This month’s exhibitions carry a transformative twist to the on a regular basis, imbuing mundane objects with psychological, political, and private depth. At Regen Initiatives, Kevin Beasley embeds clothes and different objects into luminous and vibrant resin panels, whereas at Parker Gallery, Zachary Leener’s evocative ceramic sculptures include hair, particles, and different private results. Marnie Weber’s The Dollhouse (2002) is an immersive, surreal imaginative and prescient of femininity incorporating sculpture, pictures, and collage. Fidencio Fifield-Perez creates mesmerizing geometric patterns and plush nonetheless lifes from the soulless documentation of state surveillance. And at Past the Streets, Lethal Prey Gallery has curated a present of hand-painted film posters from Ghana’s cell cinema trade, advert hoc commercials that embellish Hollywood narratives with gore, weapons, and layers of apocryphal eccentricities.
Kevin Beasley: What delineates the sting
Regen Initiatives, 6750 Santa Monica Boulevard, Hollywood, Los AngelesThrough August 16
Kevin Beasley, “Portal (I’ll go if you go)” (2025), polyurethane resin, altered t-shirts, altered housedresses, altered dye sublimation t-shirts, scarf, uncooked Virginia cotton, Sharpie switch, plywood, teak veneer, delicate metal, stainless-steel, epoxy, walnut (© Kevin Beasley; photograph by Evan Bedford, courtesy the artist and Regen Initiatives)
Kevin Beasley is understood for his distinctive use of resin that transforms commonplace objects into translucent abstractions. What delineates the sting highlights two new our bodies of labor: freestanding screens and wall-mounted panels. The screens incorporate textiles, clothes, wooden, metal, and resin, creating sculptural compositions of shade, mild, and texture imbued with human presence. The wall works, dubbed Synths, equally function objects with particular and common resonances embedded inside resin helps. Their title references the style during which synthesizers translate unintelligible digital code into accessible sonic output.
Zachary Leener: Cloud Chips
Parker Gallery, 6700 Melrose Avenue, Hollywood, Los AngelesThrough August 16
Zachary Leener, “Milk Rock” (2025), glazed terra cotta (photograph by Paul Salveson, courtesy the Artist and Parker Gallery, Los Angeles.)
Zachary Leener’s enigmatic terra cotta sculptures take precedents like Ken Value‘s organic minimalism or Robert Arneson’s outlandish Funk artwork, mashing them into novel, enigmatic types. He typically provides objects that bear private which means into his clay physique, lending the ensuing sculptures an autobiographical significance. Cloud Chips options 9 new ceramic works that spotlight his mixture of playful formalism and psychological depth.

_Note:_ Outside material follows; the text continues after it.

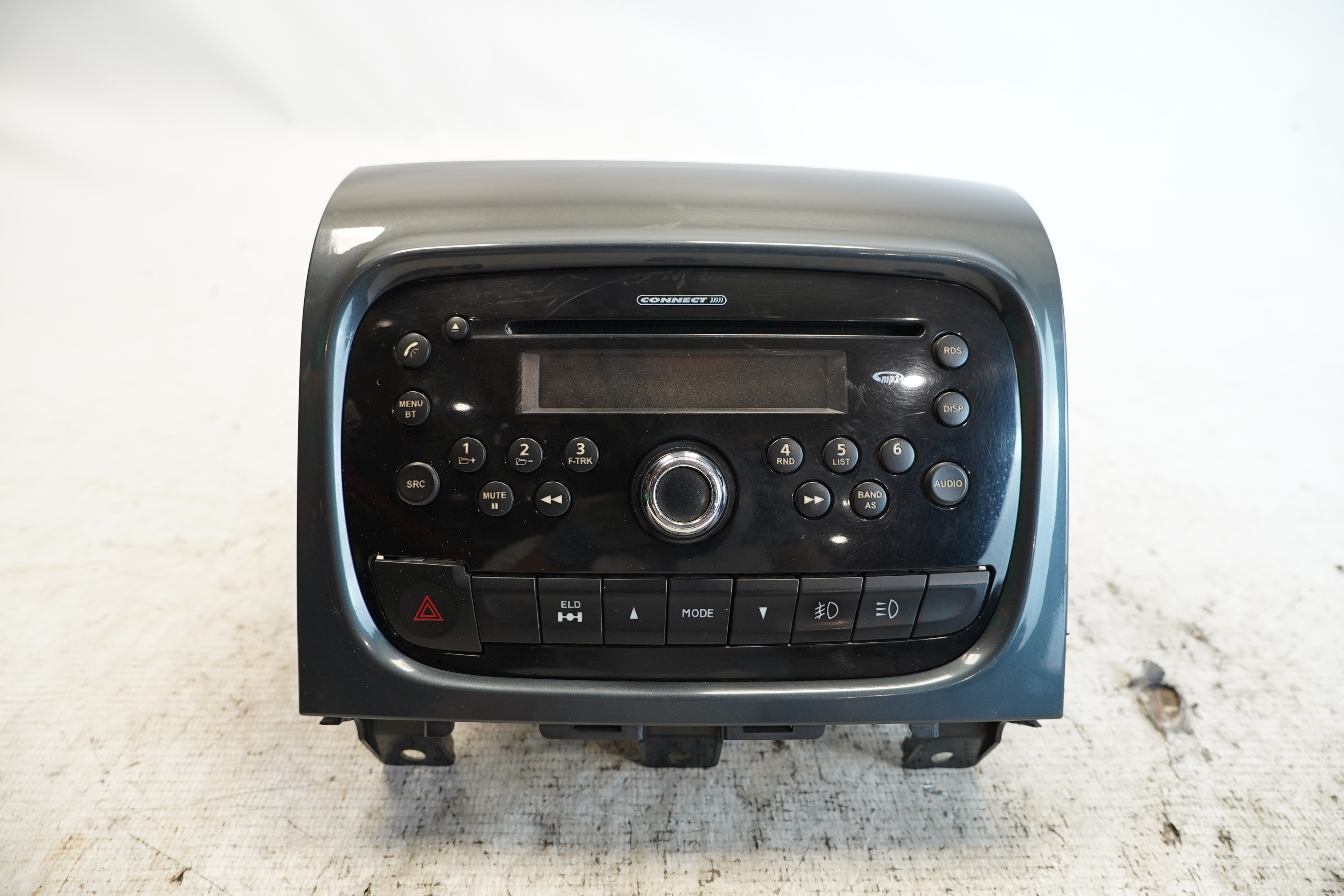 RÁDIO FIAT STRADA ADVENTURE 1.8 2014 - 7089952 -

Fidencio Fifield-Perez: not by no means over nothing
Commonwealth and Council, 3006 West seventh Avenue, Suite 220, Koreatown, Los AngelesThrough August 16
Fidencio Fifield-Perez, “Higuerillas” (2025), intaglio ink on woven paper, acrylic on canvas, walnut body (photograph by Paul Salveson, courtesy the artist and Commonwealth and Council)
Fidencio Fifield-Perez wields portray, weaving, and collage to remodel the supplies of bureaucratic management into beautiful testaments to particular person perseverance. He works with chilly, impersonal paperwork associated to the state’s immigration machine, a Kafkaesque system that the Oaxacan-born artist turned all too accustomed to throughout his expertise making use of for Deferred Motion for Childhood Arrivals (DACA). Fifield-Perez weaves this paperwork into patterns impressed by petate weaving and paints delicate photographs of crops on high, indicators of life thriving amidst the backdrop of institutional indifference.

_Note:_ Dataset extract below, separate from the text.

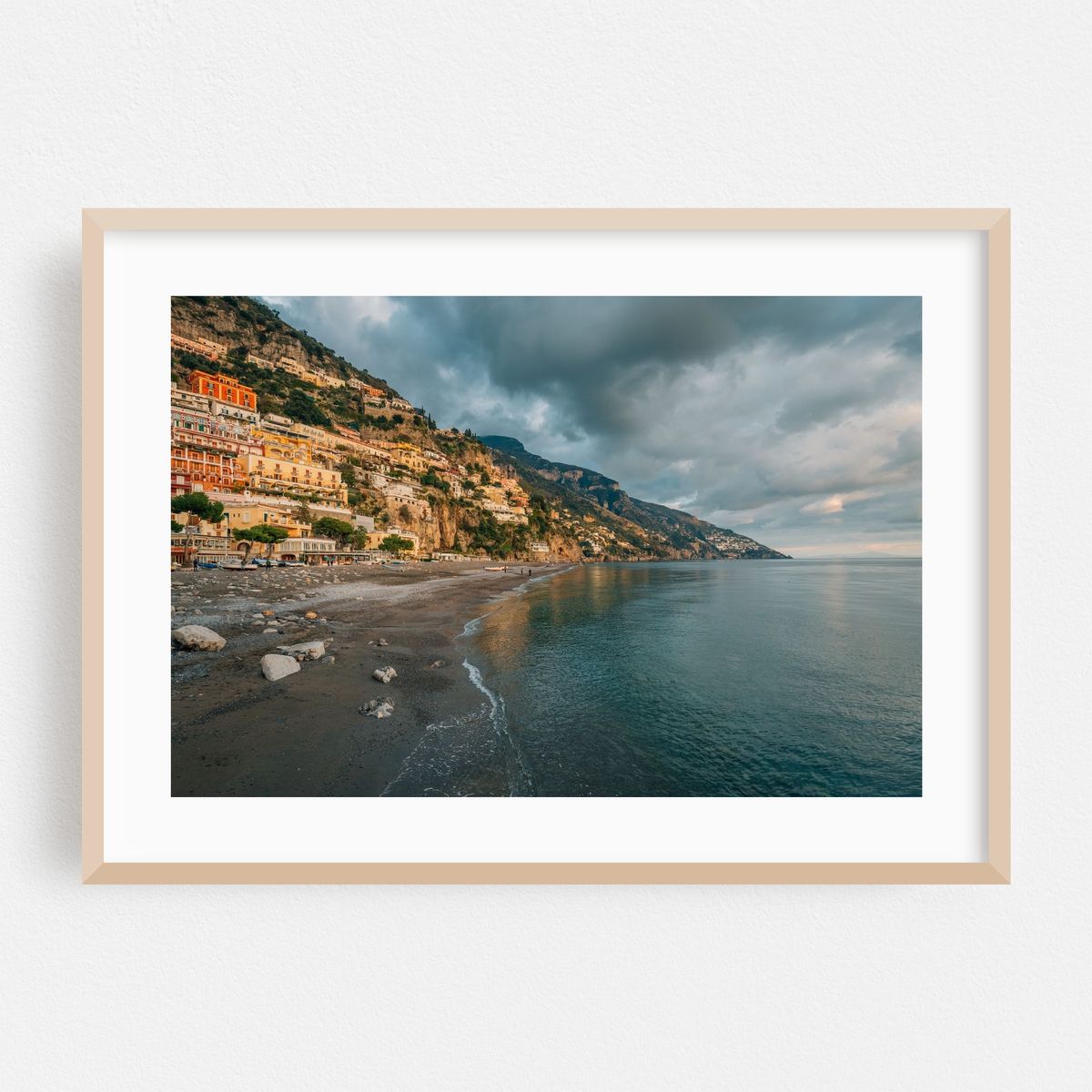 Marina Grande Beach, Positano 02 – image 1 of 6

VHS Goals: The Artwork of Ghana’s Cellular Cinema
Past the Streets, 434 North La Brea Avenue, Fairfax, Los AngelesThrough August 23
C.A. Properly, “The Godfather” (2022), oil and enamel on flour sack (picture courtesy Past the Streets and Lethal Prey)

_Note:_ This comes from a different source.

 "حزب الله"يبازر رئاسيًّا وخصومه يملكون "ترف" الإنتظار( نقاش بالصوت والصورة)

Within the Nineteen Eighties, cell video golf equipment sprung up all through Ghana as enterprising operators traveled from village to village with turbines, TVs, and VCR tapes of Hollywood and West African motion, horror, and martial arts movies. To advertise this nascent trade, they employed native artists to color movie posters that embellished salient plot factors with exaggerated violence and fantasy. Curated by Lethal Prey Gallery, VHS Goals spans 30 years of this still-evolving artwork type, showcasing a choice of one-of-a-kind work by Mark Anthony, Vibrant Obeng, Heavy J, H.Ok. Matthias, C.A. Properly, Mr. Nana Agyq, and plenty of others.
America (Soy Yo!)
Charlie James Gallery, 969 Chung King Highway, Chinatown, Los AngelesThrough August 30
José Delgado Zúñiga, “Internalizing” (2024–25), oil on canvas (© 2025 Yubo Dong; photograph courtesy the artist and Charlie James Gallery, Los Angeles)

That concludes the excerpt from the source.